Nepal Rastra Bank (NRB) has resumed efforts to audit the loan portfolios of 10 major commercial banks, a process that had previously stalled.
In a public notice, NRB invited Expressions of Interest (EOI) for an extensive Asset Quality Review (Loan Portfolio Review) of these banks. Consulting firms have been given a deadline of January 6, 2025, to apply.
For years, the International Monetary Fund (IMF) has urged NRB to engage international auditing firms to examine the loan portfolios of Nepal’s largest commercial banks. This recommendation stems from concerns over the quality of loans these banks have issued.
The IMF has linked this audit to the disbursement of the fourth installment under Nepal’s Extended Credit Facility (ECF). Approved in January 2022, the ECF provides Nepal with USD 398.8 million over four years. While three installments have been disbursed, the fourth installment—worth approximately Rs 5.59 billion (USD 42 million)—remains pending.
According to NRB officials, the international audit is a requirement under the Article IV mission of the ECF. Concerns have been raised over potential lapses in regulatory compliance, with some banks allegedly granting loans under lenient conditions.
In a February 2023 statement, the IMF highlighted a decline in the repayment capacity of borrowers, driven by rising lending rates and leverage, which has led to worsening asset quality. Despite banks maintaining capital adequacy ratios above regulatory thresholds, their non-performing loans (NPLs) have surged.

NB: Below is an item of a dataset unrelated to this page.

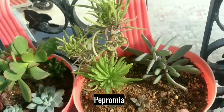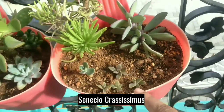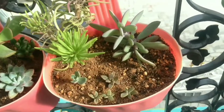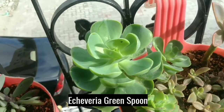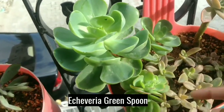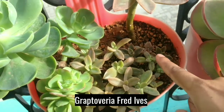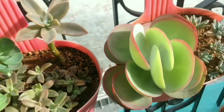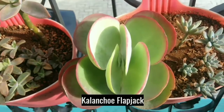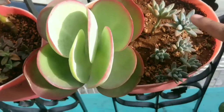This is Peperomia. And this is Senecio Crassissimus. This is Echeveria Green Spoon. This is also Echeveria Green Spoon. And it's all Graptoveria Fred Ives babies — mother is this. This is Kalanchoe Flapjack or Paddle Plant.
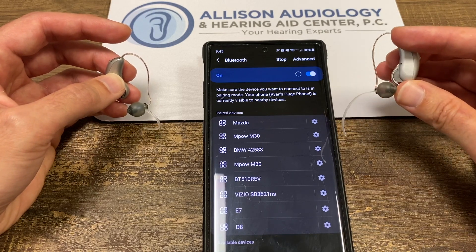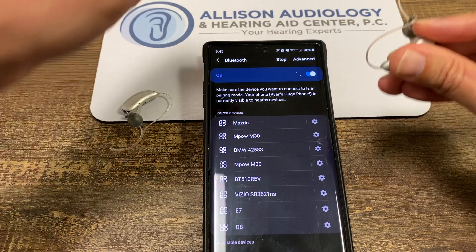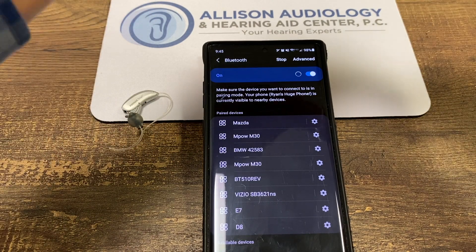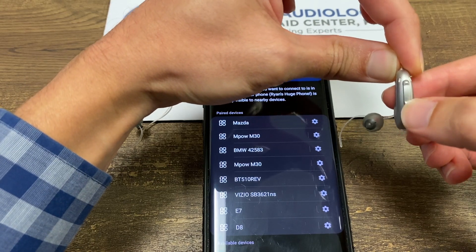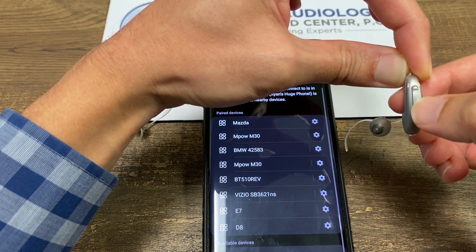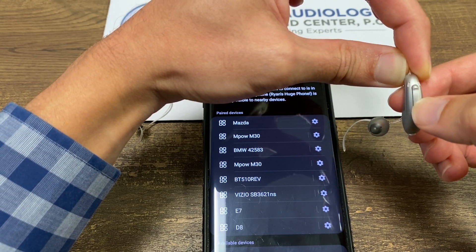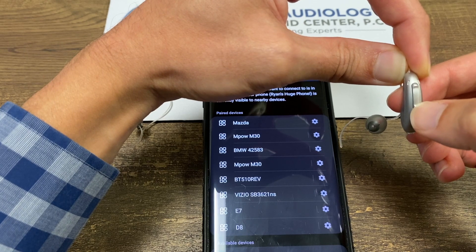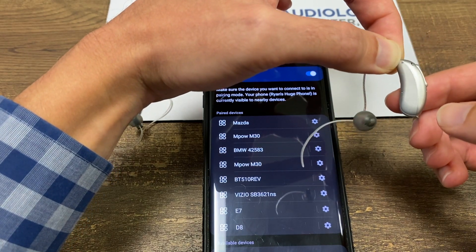For the right one, you can either open and close the battery door. Or if you have the rechargeable ones, you can hold the bottom button for about five seconds — you'd see a little red dot indicating it's off — and then hold it again for five seconds. It'll turn green. That's for the rechargeable ones.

As of mid-July 2024, the NPL ratio for banks reached 3.8%, triggering a 29.5% rise in loan-loss provisions. By mid-October, the NPL ratio had climbed further to 4.42%, with several banks exceeding 5%. This increase in bad debt has also led to an accumulation of non-banking assets that banks are struggling to offload.

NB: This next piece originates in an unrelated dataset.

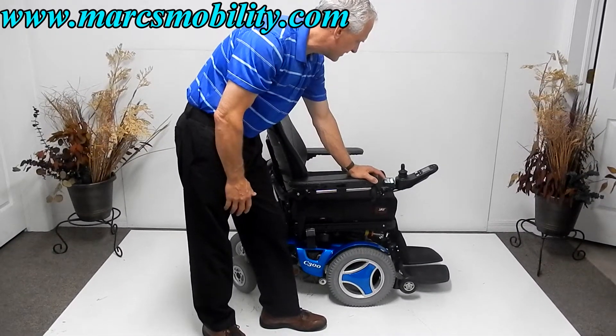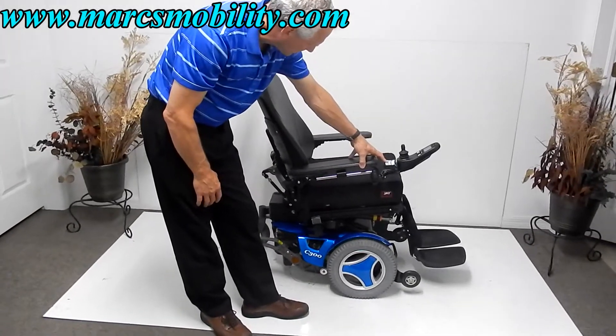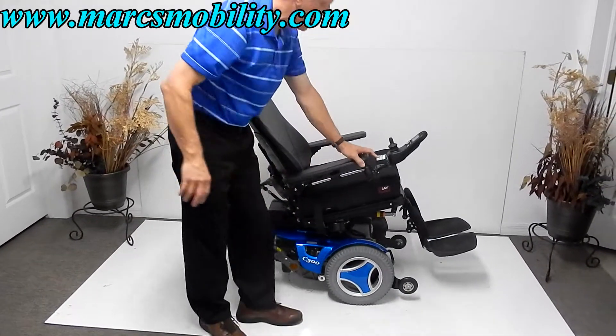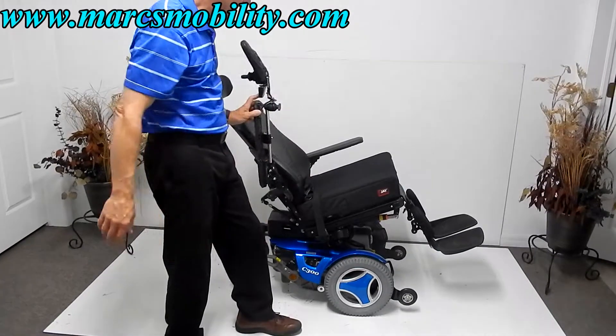The next feature I'm going to show is the electric tilt going back. This chair does have a safety belt, which I'll cover in a few minutes. The arms are adjustable, so if you need to move them out of the way to get in on both sides, you can.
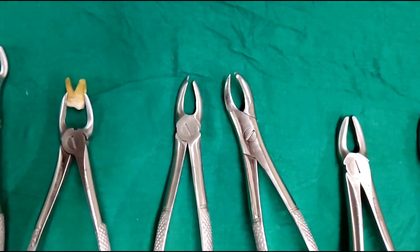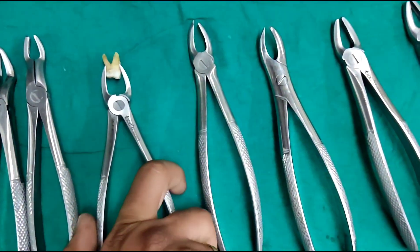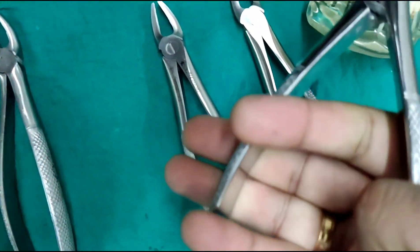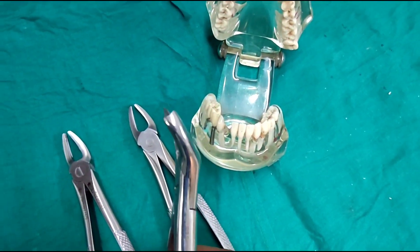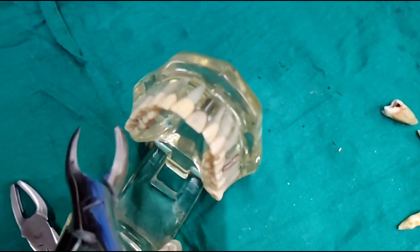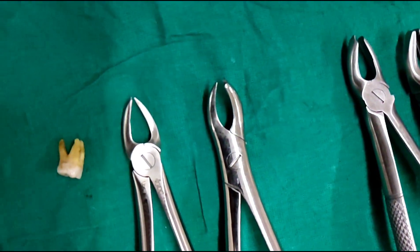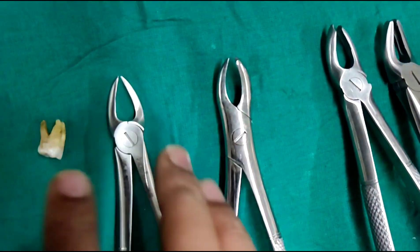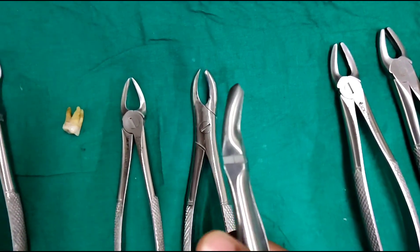Coming to the types of molar forceps — this is the extraction forceps of the second quadrant. The extraction forceps of the first quadrant looks exactly opposite: the cow horn type beak is on the opposite side, so it engages into the furcation area of the buccal roots, whereas the wider end of the beak engages the palatal root. This is the molar forceps of the first quadrant. You can see the difference between the molar forceps of the first quadrant and the second quadrant here.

The IMF’s insistence on this review aims to ensure the financial stability of Nepal’s key financial institutions, NRB sources explained. The review will assess whether loans were issued responsibly and whether collateral quality is sufficient to ensure repayment.
Previously, NRB had shortlisted five international auditing firms and selected KPMG Assurance and Consulting Services, India, for the audit. However, the process was annulled when KPMG failed to secure approval for its financial proposal.